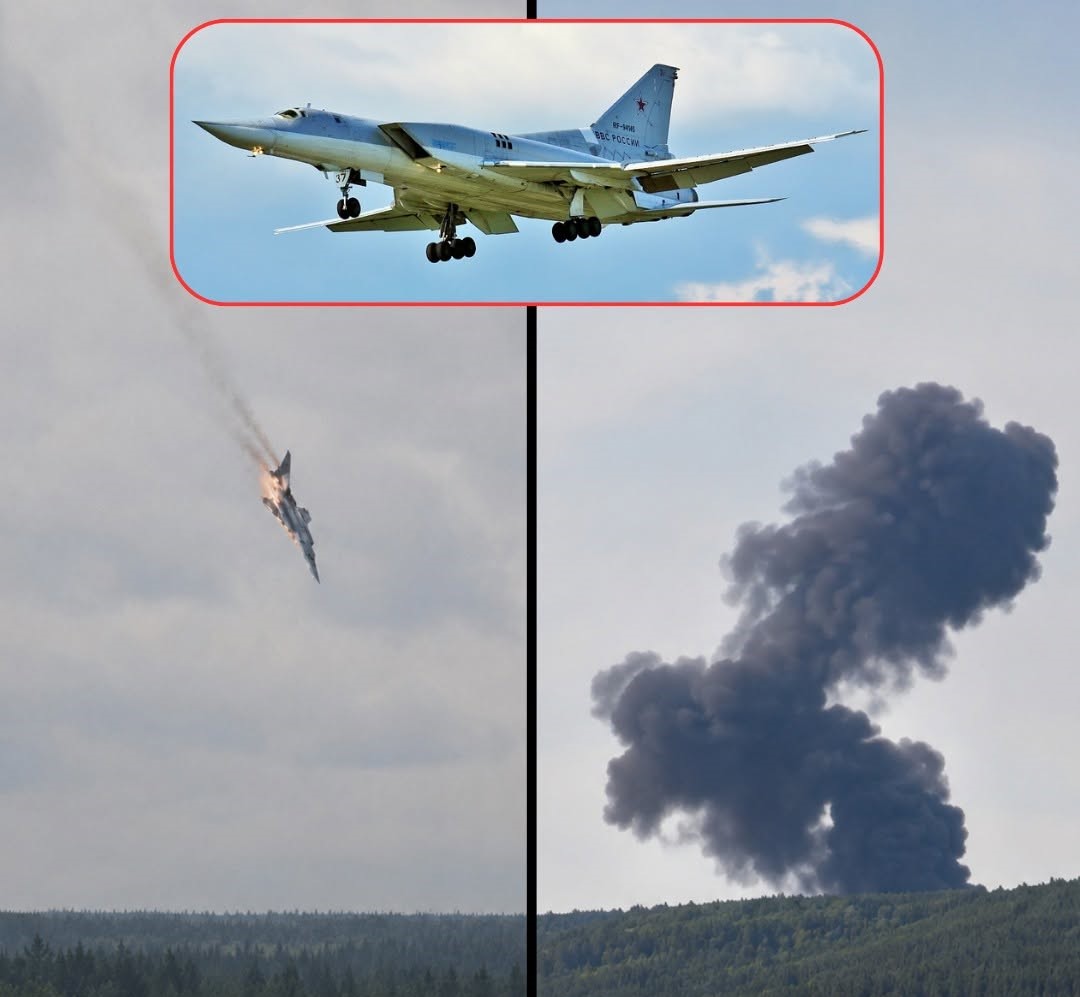 Russian Tu-22M3 Strategic Bomber Crashes In Siberia On Training Exercise – 4 Crew Members Eject Safely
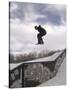 Snowboarding-null-Stretched Canvas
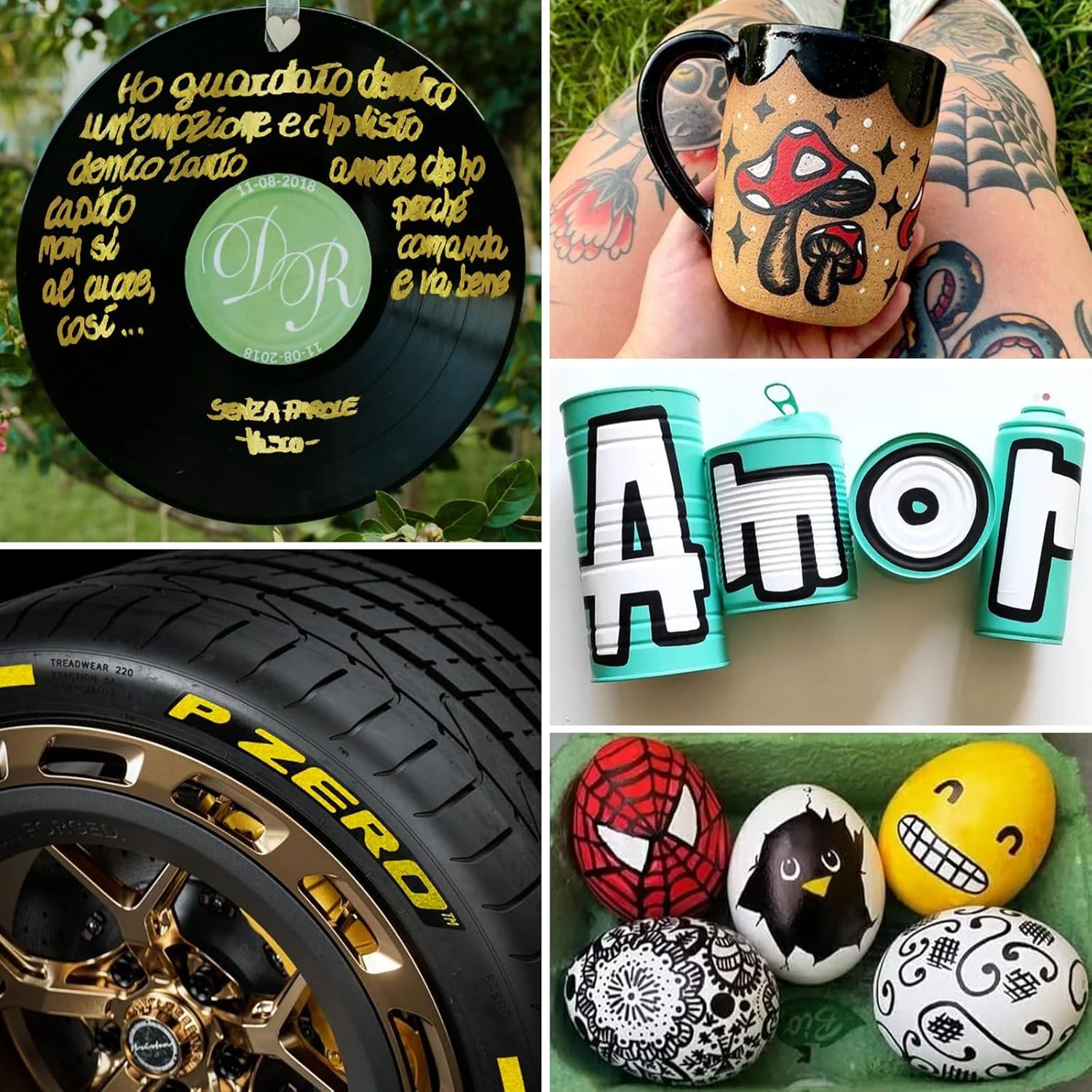 SFAIH Paint Markers Pens - 4 Colors 8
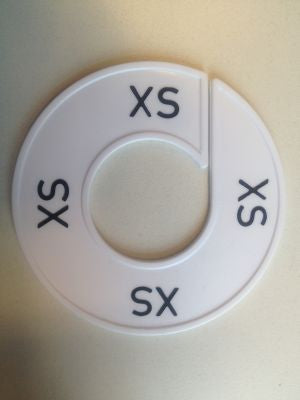 Klika - Misura anello bianco/nero XS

::::::::::

WORK REQUEST — Copy the listing above in full and exactly, but omit each picture that it holds.

EXERCISE ANSWER —
 Russian Tu-22M3 Strategic Bomber Crashes In Siberia On Training Exercise – 4 Crew Members Eject Safely
 Snowboarding-null-Stretched Canvas
 SFAIH Paint Markers Pens - 4 Colors 8
 Klika - Misura anello bianco/nero XS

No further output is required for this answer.